United States District Court, N.D. Ohio, Western Division
Mar 13, 2024
3:19 CV 1073 (N.D. Ohio Mar. 13, 2024)

Opinion

3:19 CV 1073

03-13-2024

DR. PETER E. MCGOWAN, et al.,Plaintiffs, v. UNITED STATES OF AMERICA, Defendant.


MEMORANDUM OPINION AND

ORDER

JAMES R. KNEPP II, UNITED STATES DISTRICT JUDGE

Introduction

Previously in this suit for a tax refund, this Court's ruling on the parties' competing motions for summary judgment partially resolved the case. See Doc. 113. Since then, the parties have further resolved several outstanding issues via stipulation. See Docs. 121, 122, and 123. Plaintiffs have now filed an Amended Motion for Reconsideration concerning one of this Court's previous holdings. (Doc. 117). The issue is fully briefed and ripe for decision. For the following reasons, the Court denies Plaintiffs' motion.

Background

As summarized in this Court's prior Order (Doc. 113), this case concerns a whole life insurance policy called a Restricted Property Trust adopted by the dental practice, Plaintiff Peter E. McGowan DDS, Inc. (“the Company”), of Plaintiff Peter McGowan (“Dr. McGowan”) in 2011. (Doc. 37, at 6). The Company, established in 1994, is taxed as a C corporation, and Dr. McGowan is its sole shareholder. Id. at 5.

The Restricted Property Trust consisted of two irrevocable “subtrusts”, the Death Benefit Trust (“DBT”) and the Restricted Property Trust (“RPT”). (Doc. 103-1, at 1). The trustee of both subtrusts in this case was Aligned Partners Trust Company. Id. at 18. Dr. McGowan's company paid $37,222 to the DBT each year and $12,778 to the RPT each year. Id. at 4.

The DBT used its yearly contribution to pay the premium on the whole life insurance policy. Id. The RPT transferred its yearly contribution to the DBT, which then invested the RPT's contribution as a “paid-up addition” to the policy to increase its cash value and death benefit. Id. at 4-5. In return, the DBT subtrust gave the RPT subtrust a security interest in the insurance policy. Id. at 5. The policy structure had terms of five years; as long as the premium was paid by the DBT each year, the transaction was to remain in effect for the five-year term. Id. at 7. During this time, the insurance policy was owned by the DBT, which, along with the RPT, was owned by the trustee. Id. at 6. The policy stated that Dr. McGowan and the Company had no “interest or right in or to” the policy while owned by the DBT. Id.
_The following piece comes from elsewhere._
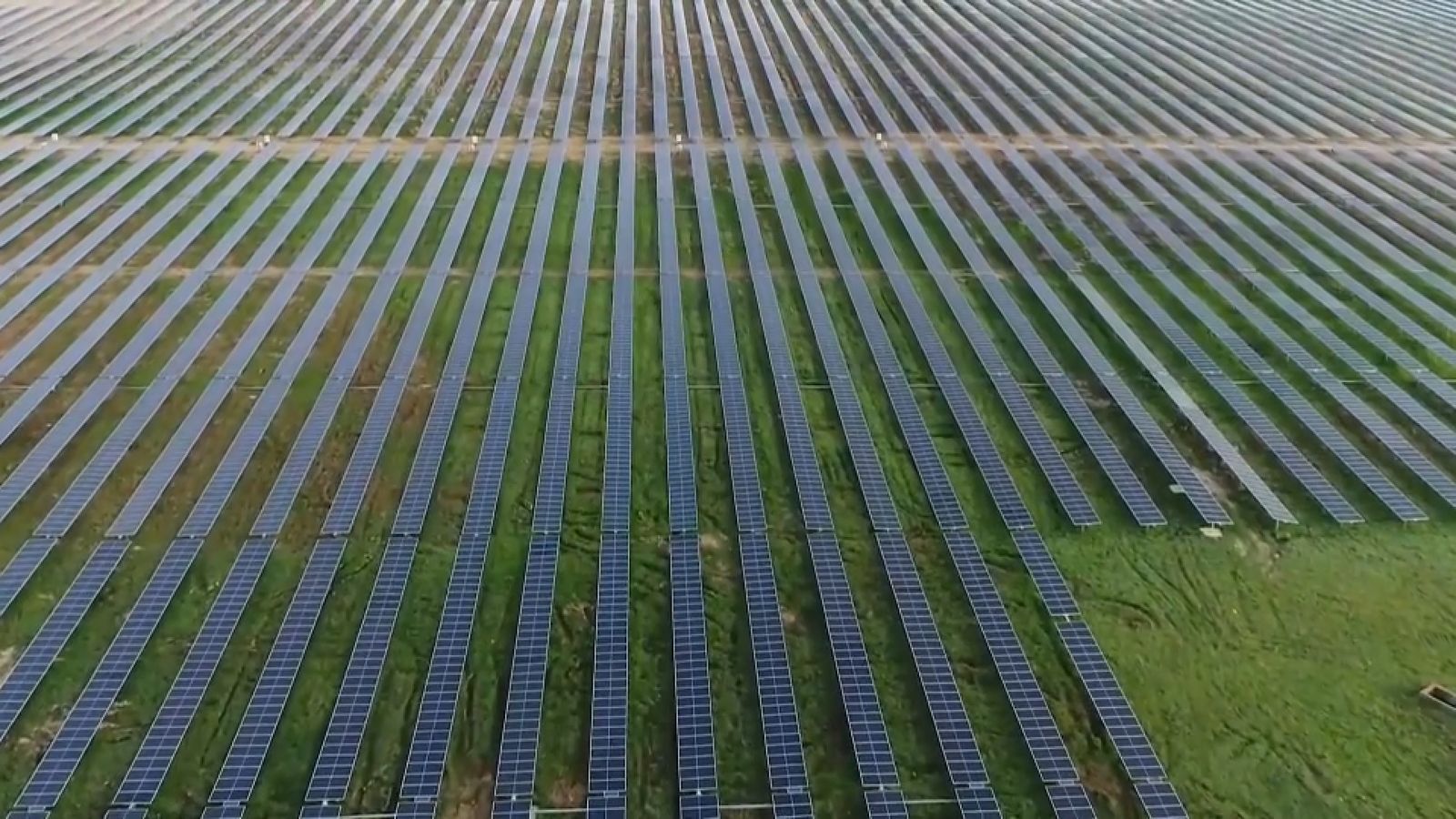 Imatge aèria d'una planta fotovoltaica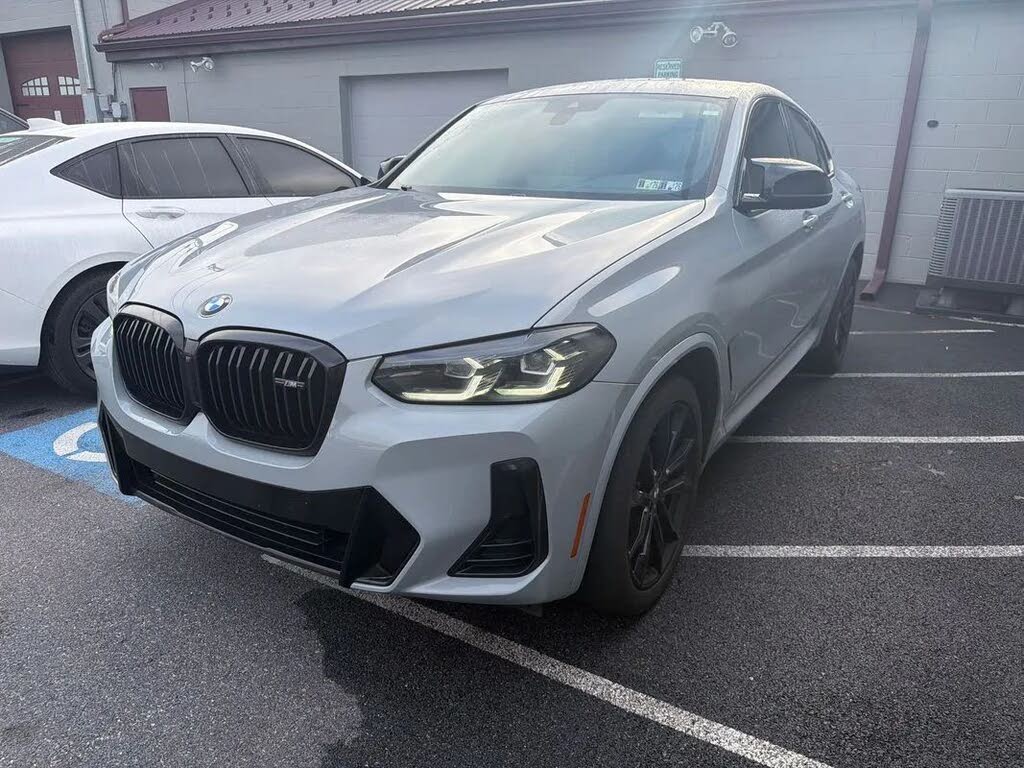 2022 BMW X4 M40i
Pursuant to the policy, if Dr. McGowan died during the term, the insurance company would pay the death benefit to the DBT, which would then pay it to Dr. McGowan's designee. Id. At the end of the term, the Company could extend the transaction for another five-year term; if it was not extended, the transaction would end and the life insurance policy would be transferred to Dr. McGowan. Id. at 8. Dr. McGowan's designee was his wife, Plaintiff Michelle McGowan. (Doc. 102-5, at 1). If the Company did not pay the premium to the DBT, the DBT would surrender the policy for its cash value, transfer that cash value to the RPT to satisfy the RPT's security interest, and the RPT would pay the cash value to a charity designated by Dr. McGowan. (Doc. 103-1, at 9).
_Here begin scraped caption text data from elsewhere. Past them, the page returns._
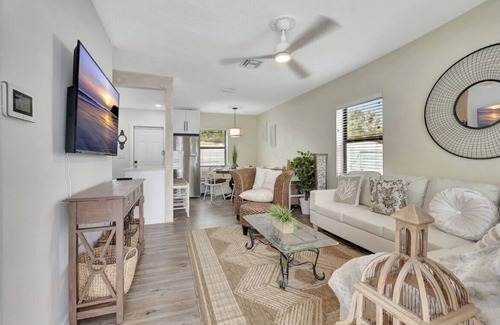 Lake Ida Shores Casa | Adorable, beach house. Atlantic Ave & beach is just a free golf cart ride away.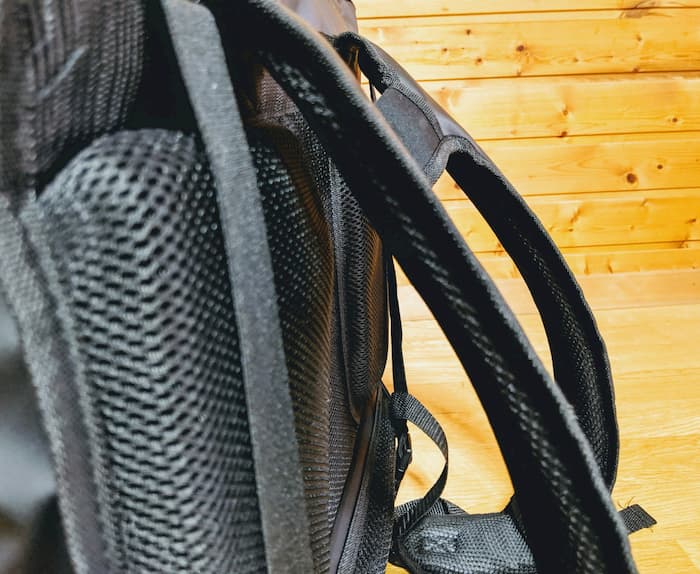 ウーバーイーツ　バッグ　肩ヒモ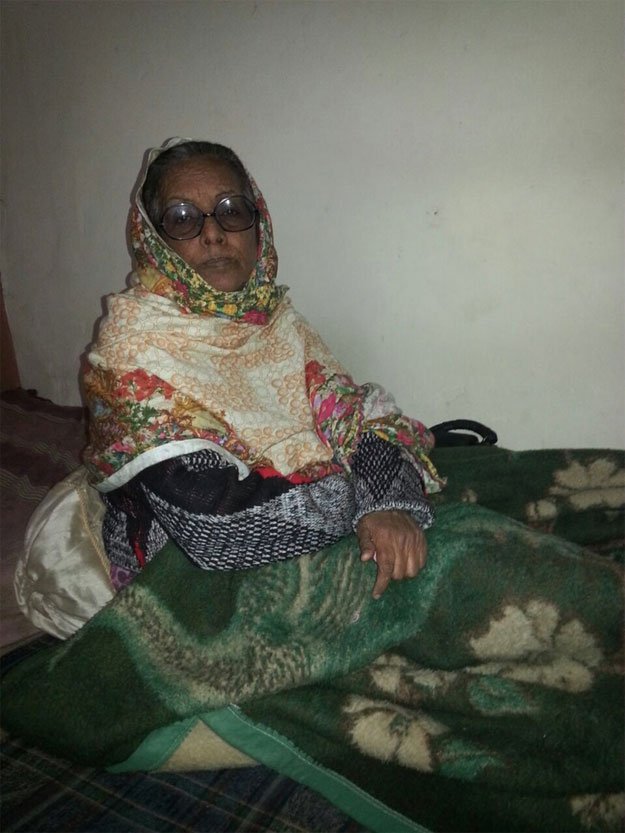 Nusrat Ara AKA Bil Batori From Ainak Wala Jinn Needs Our Help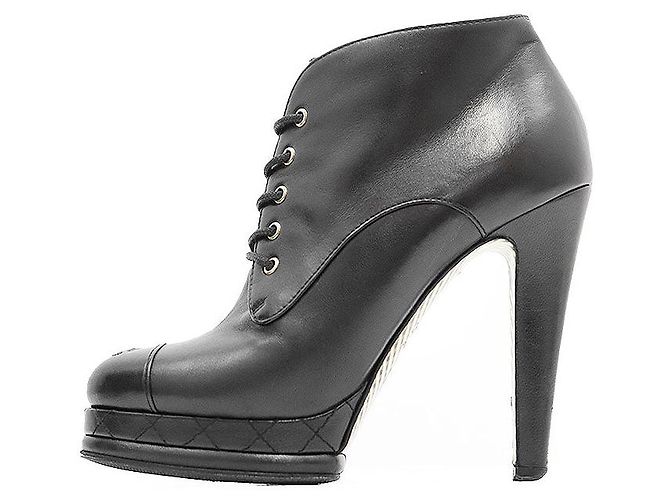 Chanel Leder Stiefel mit hohen Absätzen Schwarz - Ansicht 4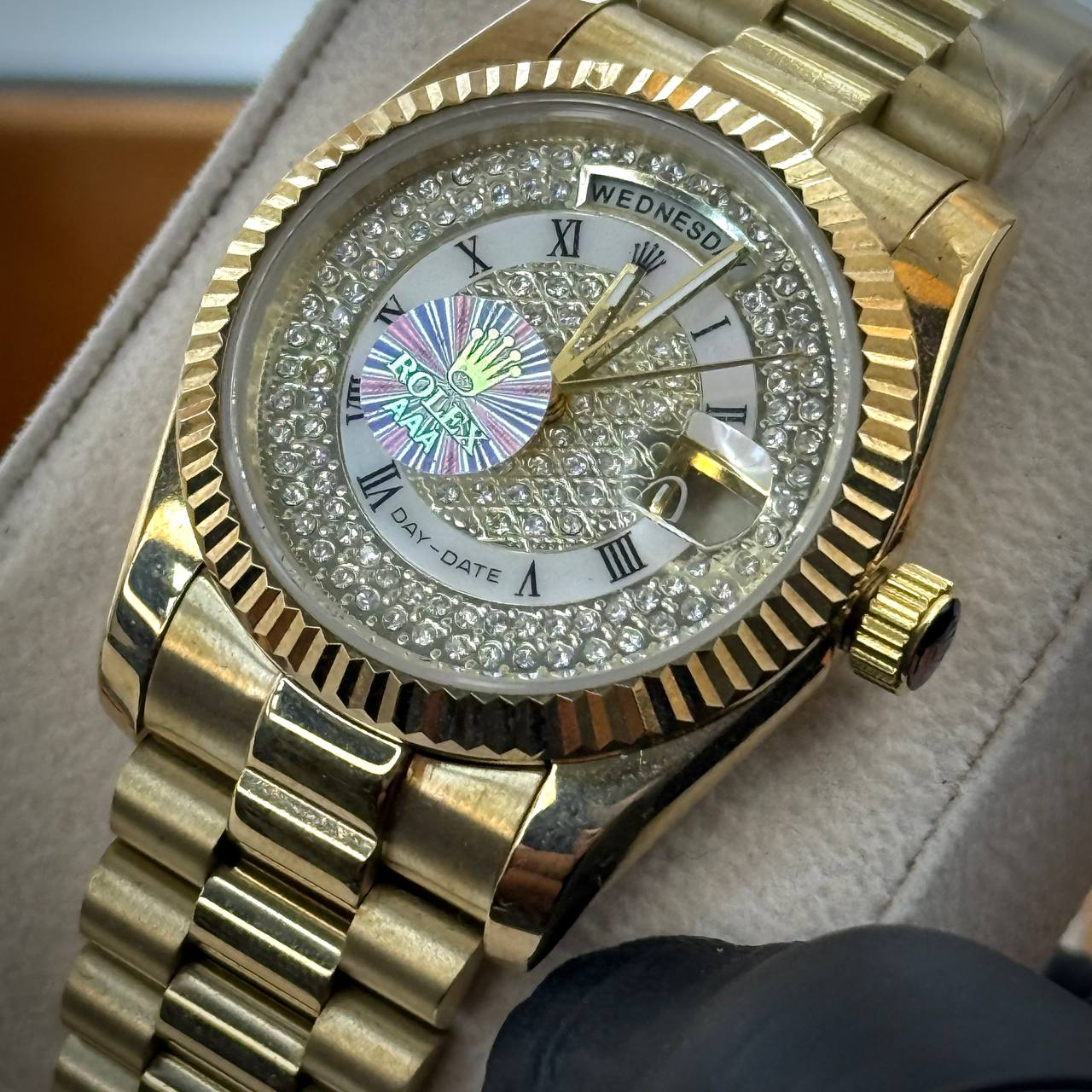 Rolex Day-Date – Full Diamond Dial / Gold Case (Women)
After five years of paying the premiums, the Company did not renew the insurance policy, and it was transferred to Dr. McGowan. Id. at 7. Dr. McGowan apparently attempted to renew the transaction in 2016, according to an amendment to the Benefits Trust Agreement, but this attempted renewal was made a year too late by the terms of the original agreement, and in 2017, counsel for Dr. McGowan informed the IRS the transaction and its trusts were no longer in effect. (Doc. 102-12, First Amendment to Benefits Trust Agreement, at 1; Doc. 102-8, 2017 Letter to IRS, at 16).

The Company reported the $12,778 paid yearly by the Company to the RPT as part of its income in each applicable tax years. (Doc. 102-8, at 17). According to the Company's 2012 tax return, this figure was included as income pursuant to 26 U.S.C. § 83(b). (Doc. 102-9, 2012 Tax Return, at 10). The Company did not report the $37,222 contributed to the DBT as part of its income each year. (Doc. 102-8, at 17). The Company did list the payment to the DBT each year as a deduction on its tax return as a contribution to a welfare benefit trust for an employee's benefit. (Doc. 102-9, at 10).
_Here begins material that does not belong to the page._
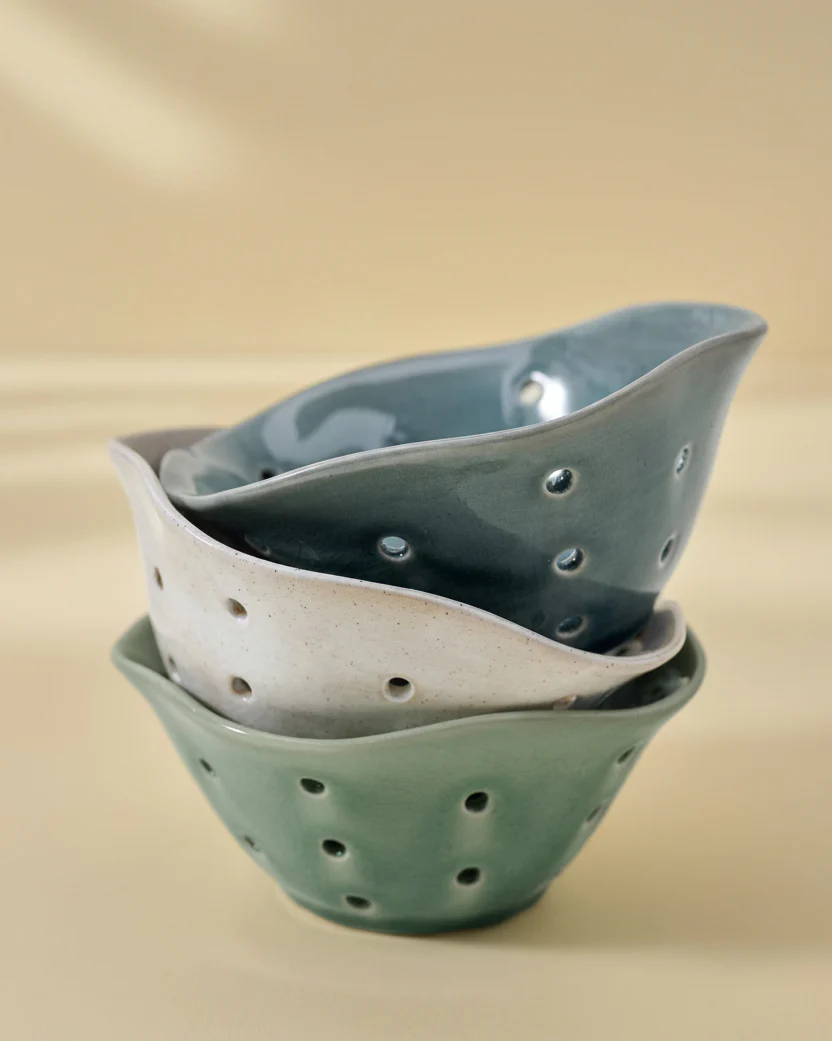 Ceramic Berry Bowl - Image 2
In April 2018, the IRS issued a Notice of Deficiency to Dr. McGowan for a deficiency of $30,813 and a penalty of $6,161,60 for tax year 2014 and a deficiency of $23,857 and a penalty of $4,758.20 for tax year 2015; in December 2019, the IRS issued a Notice of Deficiency to the Company for a deficiency of $15,897 and a penalty of $4,354.97 for tax year 2014 and a deficiency of $12,558 and a penalty of $4,354.97 for tax year 2015. (Doc. 37-1, at 1); (Doc. 37-6, at 1). After an administrative appeal process, the Company elected to pay the assessed deficiencies, penalties, and interest calculated by the IRS and later proceed with a refund claim in this Court. (Doc. 37-9, at 1). This Court previously granted summary judgment to Defendant United States on Counts I and II of Plaintiffs' Amended Complaint - claims for refund of the tax bills paid by the McGowans and the Company in response to the IRS's Notices of Deficiency. See Doc. 113.

Standard of Review

“District courts possess the authority and discretion to reconsider and modify interlocutory judgments any time before final judgment.” Rodriguez v. Tenn. Laborers Health & Welfare Fund, 89 Fed.Appx. 949, 952 (6th Cir. 2004). Motions for reconsideration are, however, generally disfavored. See, e.g., Davie v. Mitchell, 291 F.Supp.2d 573, 634 (N.D. Ohio 2003). They should only be granted where the movant demonstrates “(1) a clear error of law; (2) newly discovered evidence; (3) an intervening change in controlling law; or (4) a need to prevent manifest injustice.” Clark v. United States, 764 F.3d 653, 661 (6th Cir. 2014) (quoting Leisure Caviar, LLC v. U.S. Fish & Wildlife Serv., 616 F.3d 612, 615 (6th Cir. 2010)).

Discussion

In its prior Order, this Court held, in relevant part, that Plaintiff Peter E. McGowan, DDS, Inc. (“the Company”), was correctly treated as the owner of the insurance policy at issue (Doc. 113, at 9); the split-dollar regulation, 26 C.F.R. § 1.61-22, applies to the insurance transaction (id.); Plaintiff Dr. Peter McGowan had current access to the policy's cash value as defined by the splitdollar regulation, and that cash value should therefore have been included as benefits to Dr. McGowan for tax purposes (id. at 12); and the Company could not properly deduct premiums it paid to the insurance policy, meaning the IRS' initial tax liability calculations were correct (id. at 13).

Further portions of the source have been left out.